**Activity:** Among the entries below, only the lines starting at the one with "Radio / CD-Player / DVD-Player / Navigation" and ending at the one with "vagasCloset da Suíte 1", both included, are to be printed exactly.

**Provided entries:**
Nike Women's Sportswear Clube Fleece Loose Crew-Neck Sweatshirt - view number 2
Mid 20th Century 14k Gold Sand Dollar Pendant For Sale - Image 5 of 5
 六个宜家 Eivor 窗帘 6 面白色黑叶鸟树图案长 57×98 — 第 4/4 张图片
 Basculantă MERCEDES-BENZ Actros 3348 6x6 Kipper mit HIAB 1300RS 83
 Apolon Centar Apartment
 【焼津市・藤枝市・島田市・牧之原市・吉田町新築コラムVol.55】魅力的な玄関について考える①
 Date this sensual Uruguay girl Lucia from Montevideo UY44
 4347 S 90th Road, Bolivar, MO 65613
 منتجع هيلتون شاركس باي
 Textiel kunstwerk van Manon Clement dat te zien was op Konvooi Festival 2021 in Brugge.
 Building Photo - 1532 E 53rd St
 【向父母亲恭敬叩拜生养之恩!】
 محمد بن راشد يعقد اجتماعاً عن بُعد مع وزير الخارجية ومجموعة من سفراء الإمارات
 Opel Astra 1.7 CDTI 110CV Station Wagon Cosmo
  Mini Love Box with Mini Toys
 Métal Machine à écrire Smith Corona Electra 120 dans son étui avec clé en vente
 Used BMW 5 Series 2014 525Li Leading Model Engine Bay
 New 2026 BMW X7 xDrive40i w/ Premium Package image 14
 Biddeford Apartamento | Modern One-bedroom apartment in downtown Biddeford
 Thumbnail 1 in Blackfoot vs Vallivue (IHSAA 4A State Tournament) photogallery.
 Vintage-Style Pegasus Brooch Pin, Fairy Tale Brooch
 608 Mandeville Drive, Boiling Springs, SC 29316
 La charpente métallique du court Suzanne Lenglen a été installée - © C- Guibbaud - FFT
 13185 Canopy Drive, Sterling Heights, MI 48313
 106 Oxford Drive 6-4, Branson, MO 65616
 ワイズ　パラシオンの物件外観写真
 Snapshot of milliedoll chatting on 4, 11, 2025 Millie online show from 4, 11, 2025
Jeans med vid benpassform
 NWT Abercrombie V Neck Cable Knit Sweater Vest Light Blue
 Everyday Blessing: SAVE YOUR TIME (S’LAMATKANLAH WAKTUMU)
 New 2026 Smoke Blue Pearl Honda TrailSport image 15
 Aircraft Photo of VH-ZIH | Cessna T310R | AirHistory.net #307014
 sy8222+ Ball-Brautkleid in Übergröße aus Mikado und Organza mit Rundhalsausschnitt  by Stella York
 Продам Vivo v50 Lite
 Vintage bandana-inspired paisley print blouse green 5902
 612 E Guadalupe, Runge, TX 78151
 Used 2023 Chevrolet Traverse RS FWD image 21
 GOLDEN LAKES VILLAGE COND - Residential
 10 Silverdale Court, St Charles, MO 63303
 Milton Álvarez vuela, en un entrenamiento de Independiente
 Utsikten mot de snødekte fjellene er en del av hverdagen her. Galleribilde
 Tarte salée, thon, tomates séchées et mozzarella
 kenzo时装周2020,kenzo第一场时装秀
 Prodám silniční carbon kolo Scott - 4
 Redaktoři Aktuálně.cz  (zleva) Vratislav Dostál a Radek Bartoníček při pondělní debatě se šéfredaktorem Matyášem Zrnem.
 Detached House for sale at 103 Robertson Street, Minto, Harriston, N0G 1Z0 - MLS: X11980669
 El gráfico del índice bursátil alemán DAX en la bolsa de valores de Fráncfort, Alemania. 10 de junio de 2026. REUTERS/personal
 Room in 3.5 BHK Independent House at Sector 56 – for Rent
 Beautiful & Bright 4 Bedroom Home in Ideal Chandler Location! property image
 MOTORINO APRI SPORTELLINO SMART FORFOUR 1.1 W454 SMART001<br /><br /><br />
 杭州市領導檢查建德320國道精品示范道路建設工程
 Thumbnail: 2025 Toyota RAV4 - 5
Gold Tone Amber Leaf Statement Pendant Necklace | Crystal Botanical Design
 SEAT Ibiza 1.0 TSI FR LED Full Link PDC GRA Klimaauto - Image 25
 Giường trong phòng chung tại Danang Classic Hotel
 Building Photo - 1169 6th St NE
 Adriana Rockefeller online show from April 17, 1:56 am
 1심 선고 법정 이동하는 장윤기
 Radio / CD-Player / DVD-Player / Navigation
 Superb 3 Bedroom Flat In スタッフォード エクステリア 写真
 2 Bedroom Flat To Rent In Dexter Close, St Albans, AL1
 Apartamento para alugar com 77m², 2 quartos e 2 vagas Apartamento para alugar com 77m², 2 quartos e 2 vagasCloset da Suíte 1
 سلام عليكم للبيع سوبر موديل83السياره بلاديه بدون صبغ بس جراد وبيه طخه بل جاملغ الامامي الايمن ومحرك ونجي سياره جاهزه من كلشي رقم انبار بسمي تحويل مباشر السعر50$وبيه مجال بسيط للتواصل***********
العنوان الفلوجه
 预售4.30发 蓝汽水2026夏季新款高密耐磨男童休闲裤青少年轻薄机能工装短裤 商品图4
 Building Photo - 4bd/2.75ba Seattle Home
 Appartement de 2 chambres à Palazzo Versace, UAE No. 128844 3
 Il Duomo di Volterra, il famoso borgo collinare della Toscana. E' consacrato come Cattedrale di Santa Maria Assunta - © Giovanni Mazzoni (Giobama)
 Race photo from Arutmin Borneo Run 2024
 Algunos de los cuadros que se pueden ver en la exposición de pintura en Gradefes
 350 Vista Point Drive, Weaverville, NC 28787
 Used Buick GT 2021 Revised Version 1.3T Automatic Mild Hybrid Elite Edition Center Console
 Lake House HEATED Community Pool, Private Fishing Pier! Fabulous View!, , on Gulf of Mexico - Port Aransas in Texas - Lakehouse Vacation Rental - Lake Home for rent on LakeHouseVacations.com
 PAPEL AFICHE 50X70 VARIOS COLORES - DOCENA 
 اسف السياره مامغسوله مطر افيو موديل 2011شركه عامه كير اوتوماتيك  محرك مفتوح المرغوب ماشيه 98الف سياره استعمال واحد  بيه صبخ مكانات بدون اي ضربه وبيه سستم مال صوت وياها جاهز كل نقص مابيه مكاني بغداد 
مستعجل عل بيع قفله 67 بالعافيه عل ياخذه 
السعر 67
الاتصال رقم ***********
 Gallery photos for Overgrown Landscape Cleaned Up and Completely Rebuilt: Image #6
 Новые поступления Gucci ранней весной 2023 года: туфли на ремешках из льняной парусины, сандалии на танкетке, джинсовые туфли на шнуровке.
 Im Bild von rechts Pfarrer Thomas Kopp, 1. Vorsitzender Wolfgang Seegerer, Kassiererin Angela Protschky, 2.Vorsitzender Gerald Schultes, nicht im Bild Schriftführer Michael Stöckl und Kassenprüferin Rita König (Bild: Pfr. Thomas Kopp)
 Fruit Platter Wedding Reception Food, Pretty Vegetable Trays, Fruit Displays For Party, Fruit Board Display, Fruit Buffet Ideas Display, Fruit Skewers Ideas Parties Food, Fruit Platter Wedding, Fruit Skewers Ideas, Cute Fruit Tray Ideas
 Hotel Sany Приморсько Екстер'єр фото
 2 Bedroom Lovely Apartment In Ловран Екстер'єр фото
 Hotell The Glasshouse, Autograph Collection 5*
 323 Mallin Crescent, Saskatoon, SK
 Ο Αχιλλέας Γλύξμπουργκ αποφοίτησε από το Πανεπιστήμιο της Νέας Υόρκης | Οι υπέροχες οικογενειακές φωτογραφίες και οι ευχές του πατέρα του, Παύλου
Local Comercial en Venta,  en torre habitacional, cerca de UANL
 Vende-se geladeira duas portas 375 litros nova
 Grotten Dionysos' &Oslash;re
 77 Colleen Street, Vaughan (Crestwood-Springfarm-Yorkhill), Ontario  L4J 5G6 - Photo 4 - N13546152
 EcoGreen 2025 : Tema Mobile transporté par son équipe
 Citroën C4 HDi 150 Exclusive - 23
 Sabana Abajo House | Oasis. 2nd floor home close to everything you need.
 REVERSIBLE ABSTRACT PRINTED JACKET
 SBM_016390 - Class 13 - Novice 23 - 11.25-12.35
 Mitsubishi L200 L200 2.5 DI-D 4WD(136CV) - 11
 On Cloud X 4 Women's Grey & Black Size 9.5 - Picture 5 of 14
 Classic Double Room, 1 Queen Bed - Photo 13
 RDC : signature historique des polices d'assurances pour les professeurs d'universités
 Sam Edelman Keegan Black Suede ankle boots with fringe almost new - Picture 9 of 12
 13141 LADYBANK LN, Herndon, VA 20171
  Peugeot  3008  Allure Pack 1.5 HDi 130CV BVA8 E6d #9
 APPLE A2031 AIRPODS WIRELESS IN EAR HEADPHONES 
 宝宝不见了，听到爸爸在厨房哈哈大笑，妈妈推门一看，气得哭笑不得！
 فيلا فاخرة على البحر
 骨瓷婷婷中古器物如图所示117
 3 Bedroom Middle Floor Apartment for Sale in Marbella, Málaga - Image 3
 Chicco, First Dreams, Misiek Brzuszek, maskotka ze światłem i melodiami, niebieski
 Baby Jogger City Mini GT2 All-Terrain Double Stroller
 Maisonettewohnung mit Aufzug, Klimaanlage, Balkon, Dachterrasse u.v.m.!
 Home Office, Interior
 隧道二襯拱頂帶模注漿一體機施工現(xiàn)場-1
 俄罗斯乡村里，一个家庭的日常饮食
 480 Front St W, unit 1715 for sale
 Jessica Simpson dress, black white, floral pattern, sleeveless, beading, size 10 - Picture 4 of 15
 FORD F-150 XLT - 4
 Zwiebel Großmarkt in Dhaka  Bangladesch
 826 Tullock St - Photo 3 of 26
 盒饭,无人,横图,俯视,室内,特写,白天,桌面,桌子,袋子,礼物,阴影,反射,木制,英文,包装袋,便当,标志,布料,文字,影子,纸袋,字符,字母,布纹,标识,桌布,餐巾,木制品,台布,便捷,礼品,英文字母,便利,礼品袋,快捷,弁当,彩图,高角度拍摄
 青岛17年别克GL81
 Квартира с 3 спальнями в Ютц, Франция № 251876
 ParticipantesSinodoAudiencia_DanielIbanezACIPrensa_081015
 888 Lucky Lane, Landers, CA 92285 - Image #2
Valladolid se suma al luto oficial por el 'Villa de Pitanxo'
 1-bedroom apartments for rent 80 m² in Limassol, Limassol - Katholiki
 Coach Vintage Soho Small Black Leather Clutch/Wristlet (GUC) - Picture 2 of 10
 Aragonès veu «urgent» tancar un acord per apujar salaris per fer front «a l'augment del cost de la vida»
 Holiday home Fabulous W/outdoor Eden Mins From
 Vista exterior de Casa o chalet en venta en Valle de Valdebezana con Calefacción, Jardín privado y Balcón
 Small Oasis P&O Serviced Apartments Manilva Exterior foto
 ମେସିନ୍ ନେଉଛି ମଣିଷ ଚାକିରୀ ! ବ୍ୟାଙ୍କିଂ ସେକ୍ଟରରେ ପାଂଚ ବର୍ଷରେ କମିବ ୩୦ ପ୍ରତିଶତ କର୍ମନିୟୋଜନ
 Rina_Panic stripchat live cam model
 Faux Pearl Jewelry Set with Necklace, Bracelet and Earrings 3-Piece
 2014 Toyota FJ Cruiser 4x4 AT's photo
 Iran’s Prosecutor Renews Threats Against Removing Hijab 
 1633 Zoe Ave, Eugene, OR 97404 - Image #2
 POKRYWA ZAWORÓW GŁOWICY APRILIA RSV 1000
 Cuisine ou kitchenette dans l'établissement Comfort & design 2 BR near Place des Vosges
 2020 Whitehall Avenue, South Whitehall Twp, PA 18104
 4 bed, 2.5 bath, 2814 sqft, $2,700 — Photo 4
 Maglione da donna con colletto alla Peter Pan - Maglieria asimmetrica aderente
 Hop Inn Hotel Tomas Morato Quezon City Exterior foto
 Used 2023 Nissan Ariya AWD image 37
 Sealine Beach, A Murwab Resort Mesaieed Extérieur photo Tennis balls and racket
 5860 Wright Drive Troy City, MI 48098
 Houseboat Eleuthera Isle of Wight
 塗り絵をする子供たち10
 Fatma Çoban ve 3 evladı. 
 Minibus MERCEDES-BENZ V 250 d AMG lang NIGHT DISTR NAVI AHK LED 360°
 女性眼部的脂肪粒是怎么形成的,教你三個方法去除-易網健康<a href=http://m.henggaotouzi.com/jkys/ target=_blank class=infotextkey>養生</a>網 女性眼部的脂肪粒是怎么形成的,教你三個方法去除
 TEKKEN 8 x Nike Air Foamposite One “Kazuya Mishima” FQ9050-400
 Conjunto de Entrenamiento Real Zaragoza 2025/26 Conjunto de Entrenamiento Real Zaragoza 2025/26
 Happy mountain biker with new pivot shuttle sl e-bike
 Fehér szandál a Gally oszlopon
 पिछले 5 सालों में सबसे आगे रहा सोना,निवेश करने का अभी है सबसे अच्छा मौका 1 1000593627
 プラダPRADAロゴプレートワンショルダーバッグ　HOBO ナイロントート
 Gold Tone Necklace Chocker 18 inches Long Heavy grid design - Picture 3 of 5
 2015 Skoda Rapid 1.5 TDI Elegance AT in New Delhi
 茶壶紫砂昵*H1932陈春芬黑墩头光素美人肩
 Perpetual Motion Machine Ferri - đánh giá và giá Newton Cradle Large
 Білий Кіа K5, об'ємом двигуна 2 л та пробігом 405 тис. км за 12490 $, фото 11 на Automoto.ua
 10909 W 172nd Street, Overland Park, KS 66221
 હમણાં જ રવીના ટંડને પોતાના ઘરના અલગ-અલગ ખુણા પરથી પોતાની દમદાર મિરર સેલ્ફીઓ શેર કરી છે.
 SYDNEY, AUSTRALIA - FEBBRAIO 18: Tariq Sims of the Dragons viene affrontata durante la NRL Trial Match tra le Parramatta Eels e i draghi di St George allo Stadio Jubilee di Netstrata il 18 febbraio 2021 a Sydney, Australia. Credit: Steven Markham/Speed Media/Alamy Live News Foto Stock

**Solution to this task:**
 Radio / CD-Player / DVD-Player / Navigation
 Superb 3 Bedroom Flat In スタッフォード エクステリア 写真
 2 Bedroom Flat To Rent In Dexter Close, St Albans, AL1
 Apartamento para alugar com 77m², 2 quartos e 2 vagas Apartamento para alugar com 77m², 2 quartos e 2 vagasCloset da Suíte 1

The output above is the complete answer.